Pick $k\in\mathbb{N}$ s.t. $2^k\leq m$ but $2^{k+1}>m$: so $2^k$ is the greatest power less than or equal to $m$.
And if $m=2^lm'$ with $m'$ odd, we have $k\geq l$
$\implies 2^kS=\frac{2^k}{1}+\frac{2^k}{2}+\cdots+\frac{2^k}{m}$
$\implies 2^kS = \frac{2^k}{1}+\frac{2^{k-1}}{1}+\frac{2^k}{3}+\cdots+1+\cdots+\frac{2^{k-l}}{m'}$ (if $m=2^k$, then $\frac{2^k}{m}$ is the $1$, and no $1$ in the middle)
Let $L=$ lcm of the denominators of RHS: $L$ is an odd number.
$\implies 2^kSL=2^kL+2^{k-1}L+2^k\frac{L}{3}+\cdots+L+\cdots+2^{k-l}\frac{L}{m'}$ (note that each fraction of the form $\frac{L}{x}$ is an integer)
$\implies 2^kSL=2\left(2^{k-1}L+2^{k-2}L+2^{k-1}\frac{L}{3}+\cdots+2^{k-l-1}\frac{L}{m'}\right)+L$
(if $l=k$, then $2^{k-l-1}\frac{L}{m'}$ is not inside the parenthesis since $m=2^lm'=2^km'=2^k\implies 2^{k-l}\frac{L}{m'}=L$)

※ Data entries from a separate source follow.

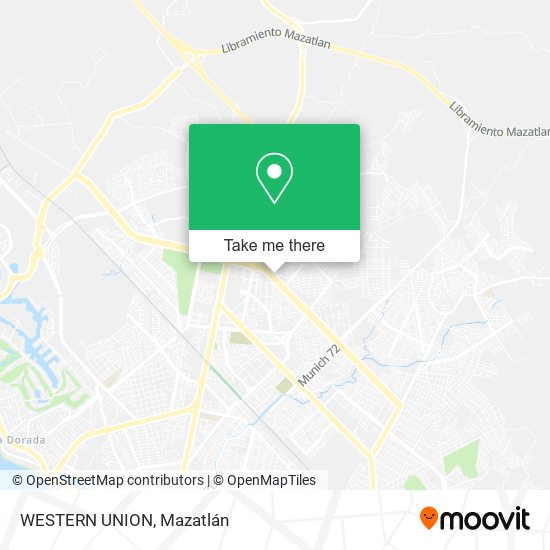 WESTERN UNION map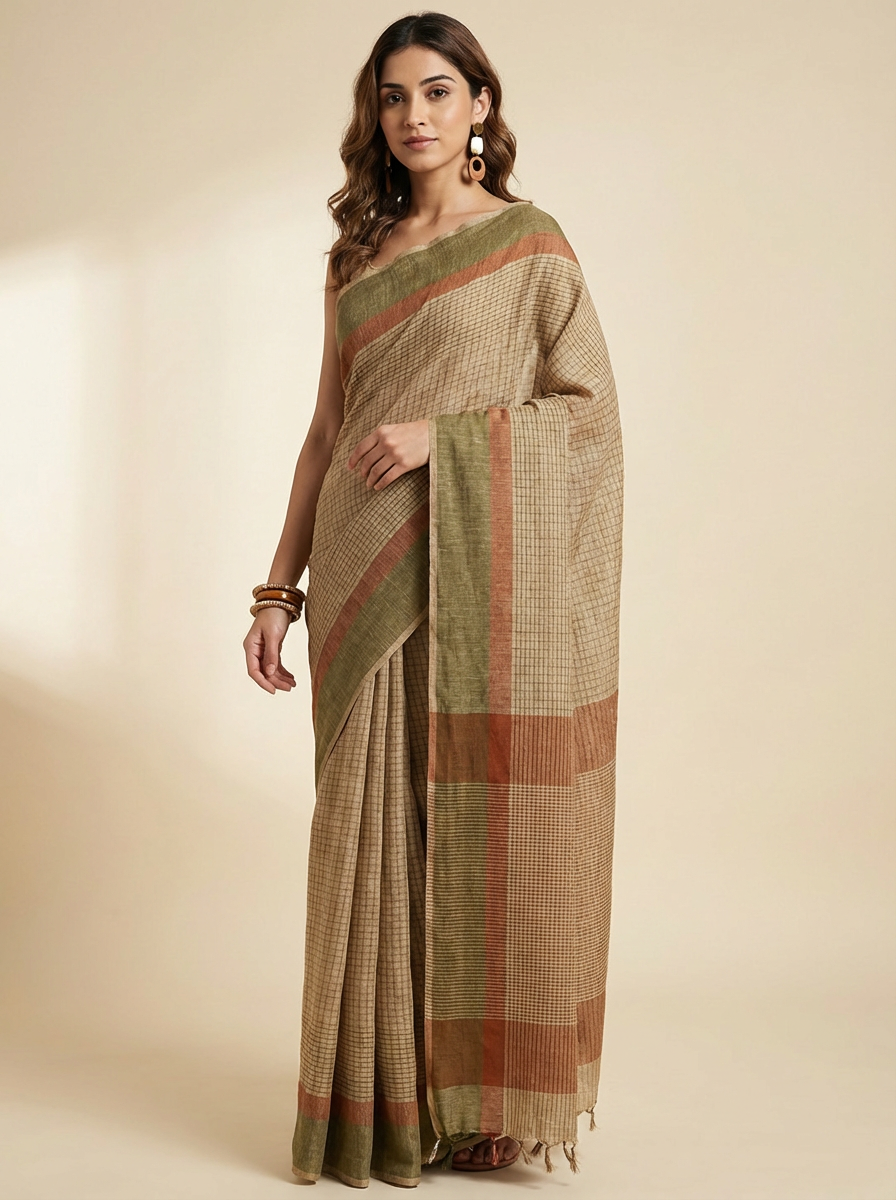Wholesale Linen Sarees Surat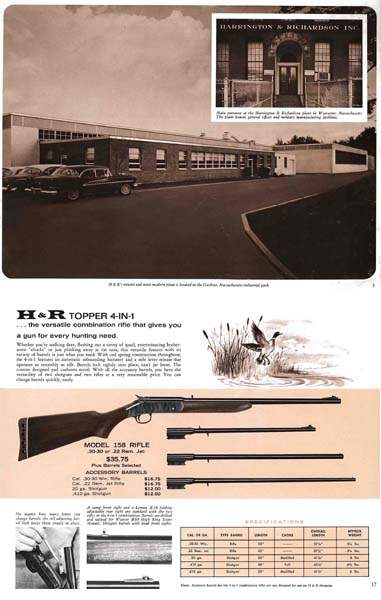 Harrington & Richardson Arms 1965 (late) Gun Catalog - GB-img-0
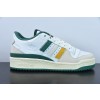 END. x 오리지널스 포럼 84 로우 로마 시리즈 벨크로 로우탑 레트로 레이스업 캐주얼 트레이너 가죽 화이트 라이트 그레이 다크 그린 옐로우 HR1527 사이즈: 36-45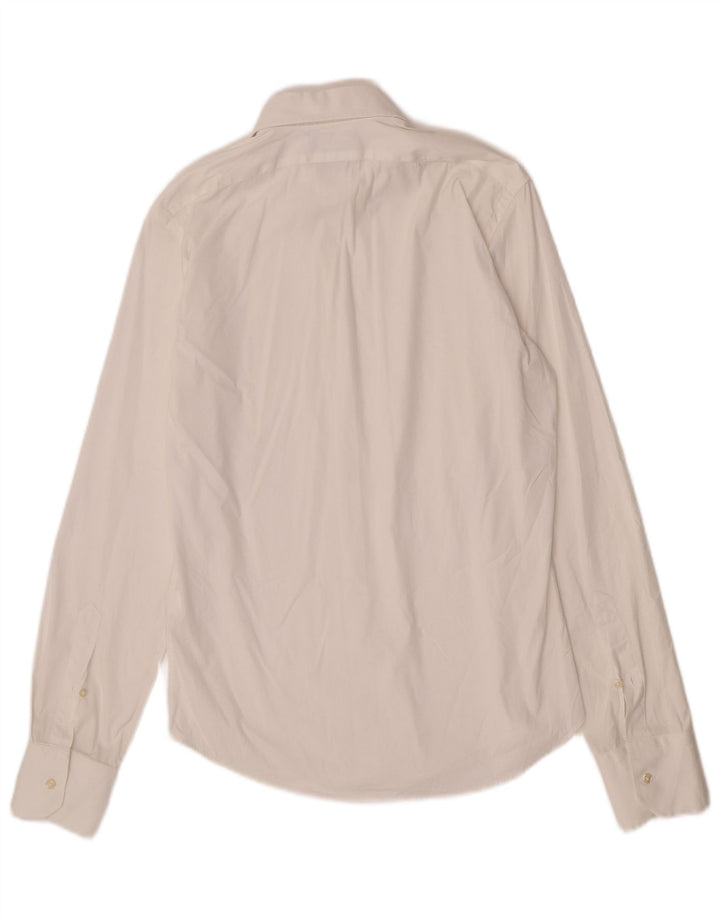 ZARA Hombre Camisa Super Slim Fit Algodón Blanco Mediano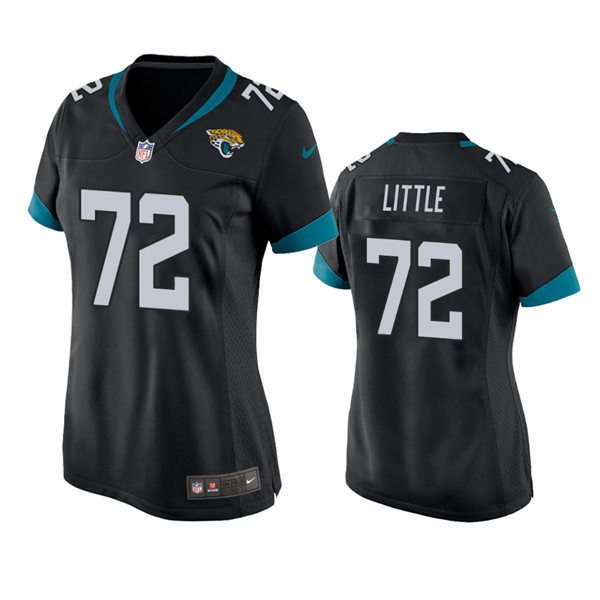 Womens Jacksonville Jaguars #72 Walker Little Nike Black Limited Jersey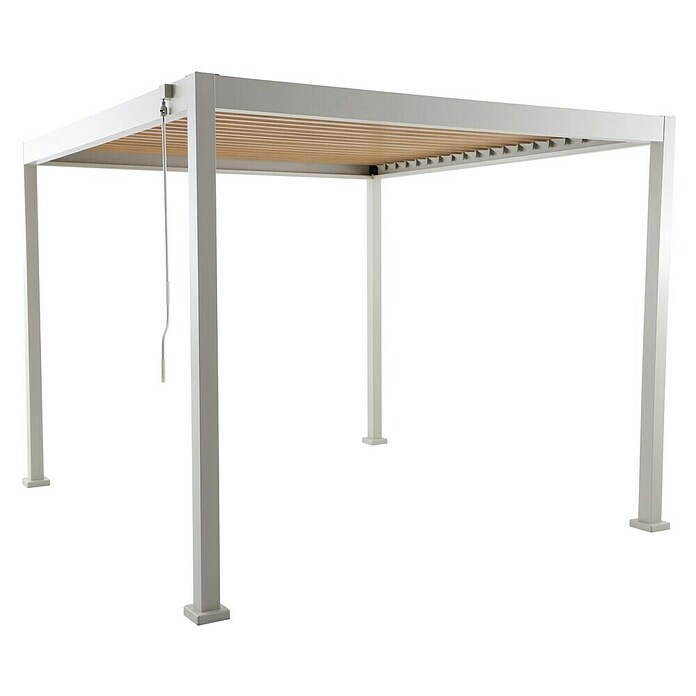Sunfun Milos Pergola  (Š x G: 294 x 294 cm, Barva ogrodja: Svetlo siva, Aluminij) | 8298 - Gartenzelte/Pavillons | ICFA - Sonnenschutz | ICF - Sonnenschutz | IC - Freizeit im Garten | I - Stadtgarten | BAUHAUS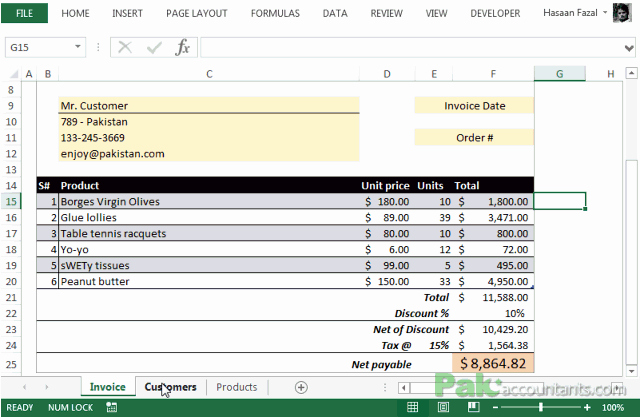 Ms Access Customer Database Template Awesome Free Excel Invoice Template V1 0 with Customer and Product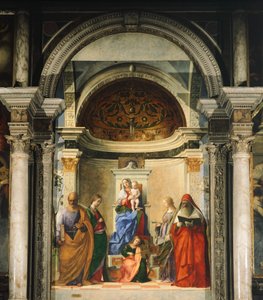 Madonna mellan fyra heliga (fresk)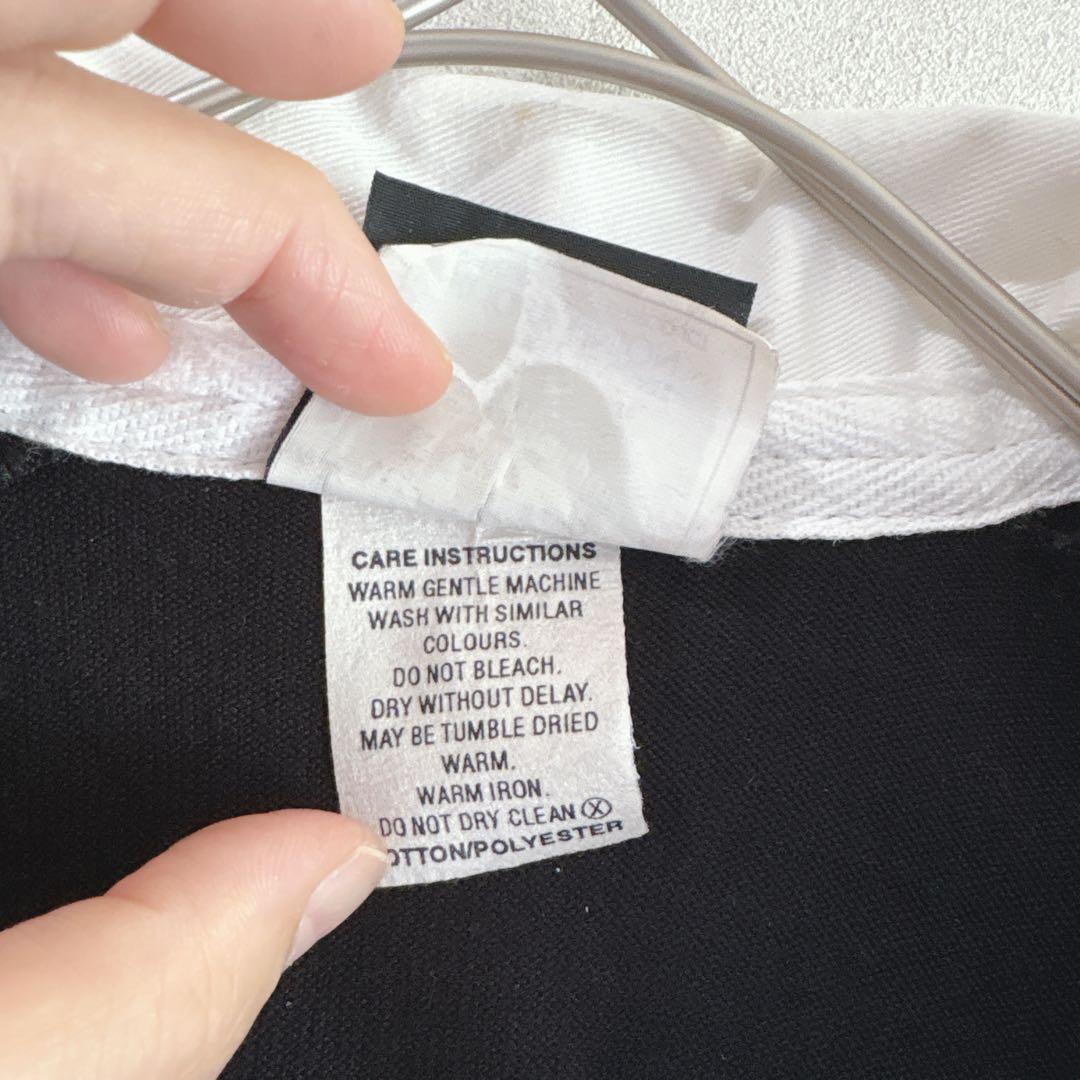 【希少】90s カンタベリー　ALL BLACKS ラガー シャツ S ブラック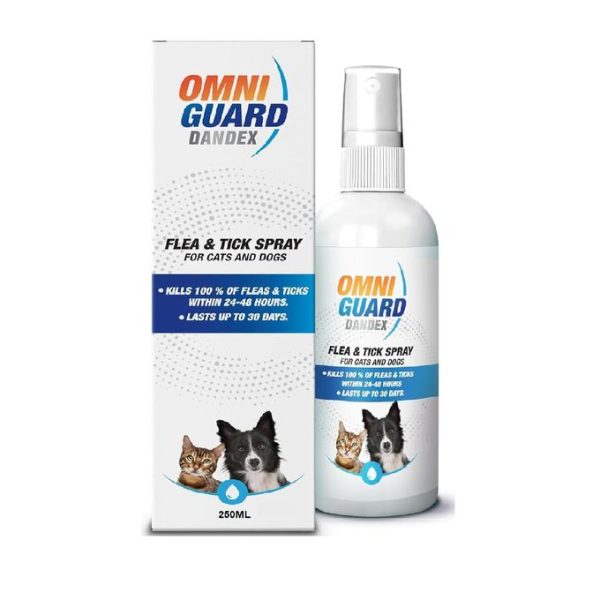 Omni Guard Dandex Flea & Tick Spray 125 ML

We could factor $2$ out from the RHS since before multiplying $2^k$, originally each denominator contained at most $k-1$ power of $2$ except $2^k$ itself. And the $L$ term on the RHS was that $1/2^k$.
Since $k\geq1$, LHS is an even number while RHS is an odd number. Which is a contradiction.
From above, did I miss anything or is there something unclear/wrong?